WINNIPEG – A supervisor with a Manitoba indigenous child-welfare agency says her grandson has been apprehended by another agency and authorities won’t give her temporary custody despite her 15-year career in social work.
The grandmother — who cannot be identified — says her 16-month-old grandson has been housed in a temporary shelter since Wednesday and is being cared for by shift workers. She says she has been trying to get temporary custody, but has been told she needs to be investigated first.
The woman is a social worker and foster mother of two who has been working in child welfare for 15 years. She has cared for her grandson, along with his mother, since he was born.
“Why should my baby suffer?” she said Friday. “Why should he be traumatized when he has a home?

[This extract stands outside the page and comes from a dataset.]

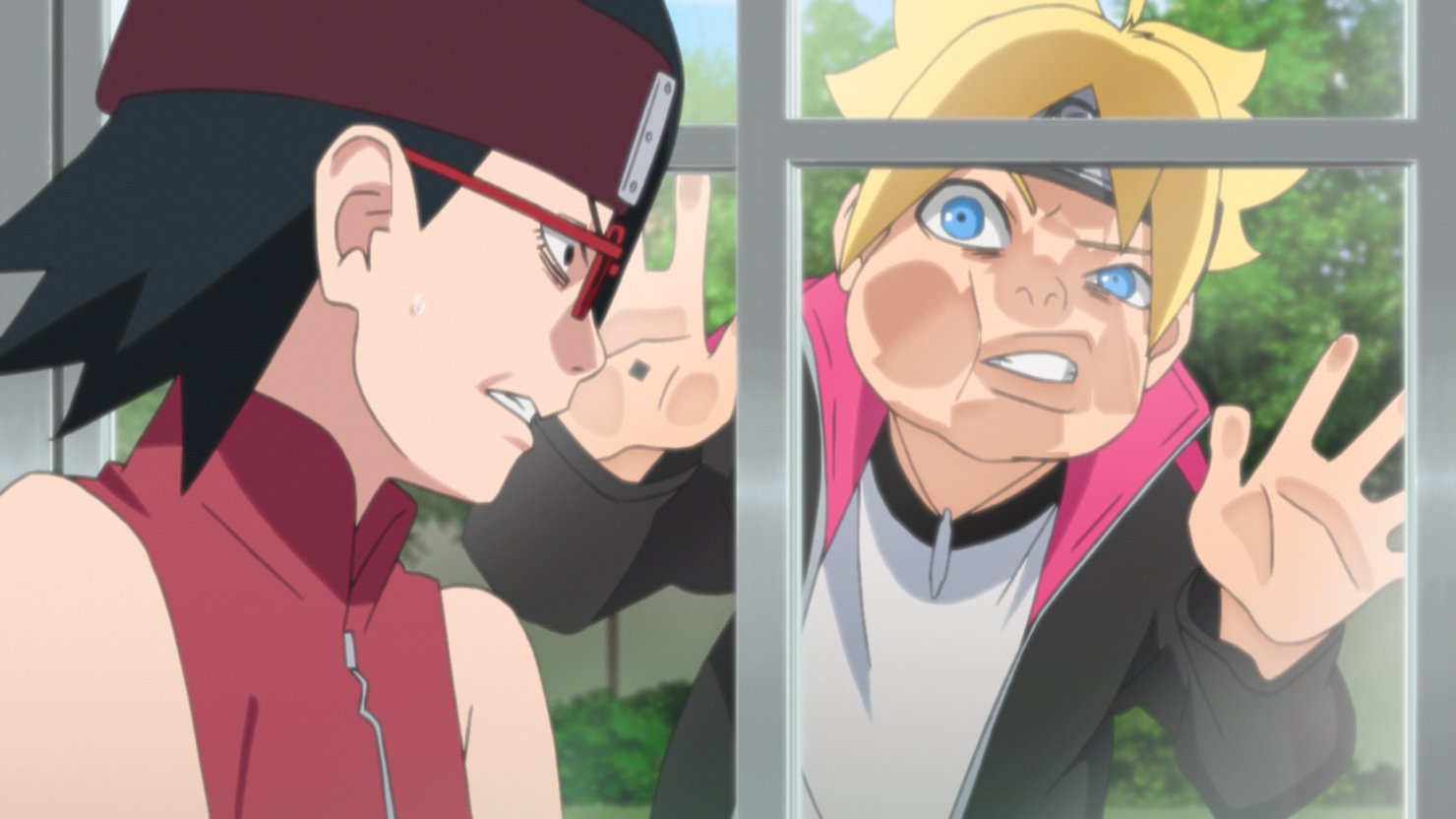 Boruto Naruto Next Generations 152 "Mejorando el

“They make it seem like I’m the criminal here. I’m being treated like I’m a suspect of something.”
The grandmother said she has cultural concerns because her indigenous grandson was seized by the non-indigenous Winnipeg general authority.
“I speak Ojibwa to him,” she said. “That’s (his) culture.”
The family is not being identified due to provisions in Manitoba’s Child and Family Services Act.
Manitoba has four different child-welfare authorities which oversee dozens of other smaller, regional agencies. The grandmother said the one she works for always exhausts all family options before an apprehended child is placed in a temporary shelter. She’s troubled the province doesn’t appear to enforce that for all agencies.
“It should be like that across the board with CFS agencies,” she said. “When kids are left in shelters or without family when there is family available, they’re … the ones that are being hurt. They’re the ones that are being traumatized.”
Debbie Besant, CEO of the General Child and Family Services Authority, was travelling and not available for an interview. In an email, she said the authority can’t comment on specific cases. But, generally, apprehended children have to be placed in an approved “place of safety” or with a licensed foster-care provider.
“Priority is given to family,” wrote Besant, who added criminal background checks have to be completed before a placement. “As well, when possible, we would respect the wishes of the parent(s) as to whom they believe could be an appropriate care provider for their child.”
Cora Morgan, Manitoba’s First Nations children’s advocate, said it isn’t the first time a child-welfare agency has ignored capable relatives.
In January, a newborn baby was apprehended and placed with strangers when a great-aunt — already an approved foster parent — was ready to take the baby.
Families Minister Scott Fielding declined an interview request. Spokesman David von Meyenfeldt said the province couldn’t comment on a specific case.
In an emailed statement, von Meyenfeldt said agencies try to keep families together and “will explore services and supports, as appropriate, before they will bring children into care.”
He couldn’t immediately say what the province is doing to ensure all agencies give priority to family members before a child is taken into care.
Manitoba has almost 11,000 kids in care — one of the highest child apprehension rates in Canada — and seizes an average of one newborn baby a day. The number has jumped 55 per cent since 2006. Almost 90 per cent are indigenous.
There are no repercussions for agencies who don’t give priority to family members, Morgan said. In this case, she said, time is of the essence.
“It looks like this little guy will be there for the long weekend,” she said. “Why is CFS still holding on to this little guy?”